Im Sommerinterview der ARD gab es endlich mal zwei richtig gute Fragen, die aber nicht die Herren Moderatoren Deppendorf und Becker stellten, sondern ihr Gesprächspartner Gregor Gysi. Insgesamt waren den Deutschen Burgerrechte wichtiger als Bürgerrechte, wie die Aufregung um den Veggie-Day einerseits und das Desinteresse am NSA-Skandal andererseits eindrucksvoll belegt. Die Meisterin der Hirntäuschung, Angela Merkel, lässt ihre Angreifer dabei gekonnt ins Leere laufen. Links andenken und rechts vorbeiregieren, das sei die Strategie der Kanzlerin, meinte etwa Volker Pispers in seiner Dienstagsglosse auf WDR 2, die es inzwischen nicht mehr gibt.
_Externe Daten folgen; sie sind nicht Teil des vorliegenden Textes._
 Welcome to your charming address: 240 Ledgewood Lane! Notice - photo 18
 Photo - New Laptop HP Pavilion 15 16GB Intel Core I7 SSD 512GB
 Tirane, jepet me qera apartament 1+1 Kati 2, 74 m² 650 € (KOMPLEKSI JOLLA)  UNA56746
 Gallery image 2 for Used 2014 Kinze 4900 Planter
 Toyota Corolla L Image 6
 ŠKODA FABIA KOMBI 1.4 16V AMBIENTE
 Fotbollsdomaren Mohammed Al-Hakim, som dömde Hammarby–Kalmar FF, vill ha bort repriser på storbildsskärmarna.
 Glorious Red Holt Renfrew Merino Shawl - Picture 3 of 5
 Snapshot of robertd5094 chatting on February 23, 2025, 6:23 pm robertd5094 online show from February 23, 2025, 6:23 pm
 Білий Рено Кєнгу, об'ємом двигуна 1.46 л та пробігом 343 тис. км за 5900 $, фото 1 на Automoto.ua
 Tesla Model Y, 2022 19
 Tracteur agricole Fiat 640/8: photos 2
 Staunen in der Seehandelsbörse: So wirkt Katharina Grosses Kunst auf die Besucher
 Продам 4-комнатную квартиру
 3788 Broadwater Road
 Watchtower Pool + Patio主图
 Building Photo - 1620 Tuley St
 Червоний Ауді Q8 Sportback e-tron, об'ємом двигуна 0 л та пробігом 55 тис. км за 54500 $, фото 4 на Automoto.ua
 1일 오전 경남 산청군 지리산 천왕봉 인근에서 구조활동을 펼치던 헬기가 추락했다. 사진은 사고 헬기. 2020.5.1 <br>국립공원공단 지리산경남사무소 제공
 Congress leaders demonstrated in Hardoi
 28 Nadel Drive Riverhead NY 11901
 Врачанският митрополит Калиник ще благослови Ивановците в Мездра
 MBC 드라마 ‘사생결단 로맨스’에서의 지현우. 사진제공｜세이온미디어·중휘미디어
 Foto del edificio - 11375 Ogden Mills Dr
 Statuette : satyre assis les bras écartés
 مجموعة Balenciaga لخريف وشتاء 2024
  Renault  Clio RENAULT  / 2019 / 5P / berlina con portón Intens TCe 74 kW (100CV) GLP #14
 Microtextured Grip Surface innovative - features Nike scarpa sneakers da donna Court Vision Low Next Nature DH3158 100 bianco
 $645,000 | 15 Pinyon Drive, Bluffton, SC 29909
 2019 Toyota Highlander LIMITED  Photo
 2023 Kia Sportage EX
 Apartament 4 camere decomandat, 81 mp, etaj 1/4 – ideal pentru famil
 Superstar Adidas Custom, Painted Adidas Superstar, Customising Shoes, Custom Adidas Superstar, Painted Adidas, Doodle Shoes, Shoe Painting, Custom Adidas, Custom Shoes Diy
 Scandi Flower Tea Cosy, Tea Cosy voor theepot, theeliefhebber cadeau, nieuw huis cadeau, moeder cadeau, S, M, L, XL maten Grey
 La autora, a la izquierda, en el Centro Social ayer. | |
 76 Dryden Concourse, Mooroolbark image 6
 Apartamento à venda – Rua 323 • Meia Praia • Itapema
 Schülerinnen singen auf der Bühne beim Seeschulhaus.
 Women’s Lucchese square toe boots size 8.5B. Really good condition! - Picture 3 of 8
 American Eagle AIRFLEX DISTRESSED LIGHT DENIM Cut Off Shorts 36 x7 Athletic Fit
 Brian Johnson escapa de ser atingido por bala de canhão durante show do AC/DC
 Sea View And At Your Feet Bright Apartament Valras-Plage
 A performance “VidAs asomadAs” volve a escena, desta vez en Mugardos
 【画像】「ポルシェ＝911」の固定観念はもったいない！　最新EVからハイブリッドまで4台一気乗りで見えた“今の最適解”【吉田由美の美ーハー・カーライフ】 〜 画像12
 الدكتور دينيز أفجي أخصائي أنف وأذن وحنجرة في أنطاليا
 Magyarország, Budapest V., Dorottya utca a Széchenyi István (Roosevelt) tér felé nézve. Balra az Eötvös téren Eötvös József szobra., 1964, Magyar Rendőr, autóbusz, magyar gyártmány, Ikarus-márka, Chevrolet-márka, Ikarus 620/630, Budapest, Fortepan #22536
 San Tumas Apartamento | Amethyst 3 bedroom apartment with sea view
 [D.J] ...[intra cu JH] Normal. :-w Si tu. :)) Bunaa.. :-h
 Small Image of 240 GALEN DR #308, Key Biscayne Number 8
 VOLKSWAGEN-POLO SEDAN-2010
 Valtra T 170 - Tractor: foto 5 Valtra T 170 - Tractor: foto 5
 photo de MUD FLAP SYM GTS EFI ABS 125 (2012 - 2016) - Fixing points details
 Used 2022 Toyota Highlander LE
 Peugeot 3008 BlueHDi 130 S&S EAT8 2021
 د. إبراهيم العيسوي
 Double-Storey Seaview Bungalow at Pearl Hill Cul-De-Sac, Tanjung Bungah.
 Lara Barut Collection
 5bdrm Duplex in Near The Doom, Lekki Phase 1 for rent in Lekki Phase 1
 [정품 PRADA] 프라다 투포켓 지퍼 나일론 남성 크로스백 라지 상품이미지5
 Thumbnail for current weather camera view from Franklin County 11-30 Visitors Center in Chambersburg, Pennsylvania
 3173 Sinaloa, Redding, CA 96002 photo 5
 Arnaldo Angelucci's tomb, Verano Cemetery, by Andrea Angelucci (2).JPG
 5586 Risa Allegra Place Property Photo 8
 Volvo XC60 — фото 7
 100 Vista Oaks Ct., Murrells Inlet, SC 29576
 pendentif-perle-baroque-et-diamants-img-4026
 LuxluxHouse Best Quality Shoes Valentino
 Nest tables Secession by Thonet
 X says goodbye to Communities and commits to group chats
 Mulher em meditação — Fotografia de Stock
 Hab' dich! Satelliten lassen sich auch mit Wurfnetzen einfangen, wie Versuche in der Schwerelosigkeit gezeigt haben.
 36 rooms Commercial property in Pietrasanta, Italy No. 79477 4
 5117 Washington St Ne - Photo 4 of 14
Und die SPD, sie habe versucht, den Fußspuren Brandts nachzulaufen, um darin verstecken zu spielen.
Die Frage Krieg oder Frieden in Syrien beantwortete die SPD wie auch die Bundesregierung mit einem klaren Jein. Getrieben von den Medien, die einen Militärschlag regelrecht herbeisehnten, durfte es ja keine Solidaritätsbekundung mit dem Kurs der Linken im Wahlkampf geben, die den Spuren Brandts konsequent folgend, ein militärisches Eingreifen klar ablehnten. Eine verlogene Haltung sei anscheinend besser zu ertragen gewesen als die wage Aussicht auf ein Bündnis, das auf Angela Merkel als Kanzlerin verzichten könnte.
Den Deutschen dürfe man schließlich die Zufriedenheit durch so etwas wie die Realität nicht wegnehmen. Die Jugend saufe offenbar so viel, dass die Alten vom Flaschenpfand noch leben können. Das sei ein echter sozialer Ausgleich, findet Christoph Sieber in Neues aus der Anstalt. Die Beschönigungen der wirtschaftlichen Lage werden rund einen Monat vor der Wahl noch einmal in geballter Form aus allen denkbaren Richtungen abgefeuert. Deutschland geht es gut, lautet die Botschaft, obwohl es auch andere Stimmen gab, die weitgehend ungehört blieben.
Deutschland unterliegt einer gefährlichen Illusion, hatte der Chef des Berliner Forschungsinstitut DIW, Marcel Fratzscher, Anfang August gesagt. In einer langfristigeren Perspektive hält die These, dass es uns wirtschaftlich so gut geht, der Wirklichkeit nicht stand, meint der Ökonom. Mit Fakten untermauerte er seine Behauptung, die weitestgehend ungehört blieb:
70 Prozent der Arbeitnehmer haben heute niedrigere Reallöhne als noch vor zehn Jahren. Auch die Produktivität, die Deutschland gern von anderen Ländern einfordert, habe sich seit 1999 verschlechtert, und die Investitionsquote sei in diesen Jahren von über 20 Prozent auf 17 Prozent gesunken.
September 2013
Im September bestimmte die Halskette alle Diskussionen, nicht aber das blanke Entsetzen, das ein TV-Duell hätte auslösen müssen. Darin sah es Merkel als ihre Pflicht an, sich um die inneren Angelegenheiten Griechenlands zu kümmern, gleichwohl bezeichnete sie das Ergebnis dieses Kümmerns, nämlich eine Rezession mit über 50, jetzt schon über 60 Prozent, Jugendarbeitslosigkeit als ganz normalen Zyklus. Sie fabulierte von zarten Pflänzchen des Wachstums, wo die Journalisten im Studio eine zertrampelte Mondlandschaft hätten erkennen und ansprechen müssen.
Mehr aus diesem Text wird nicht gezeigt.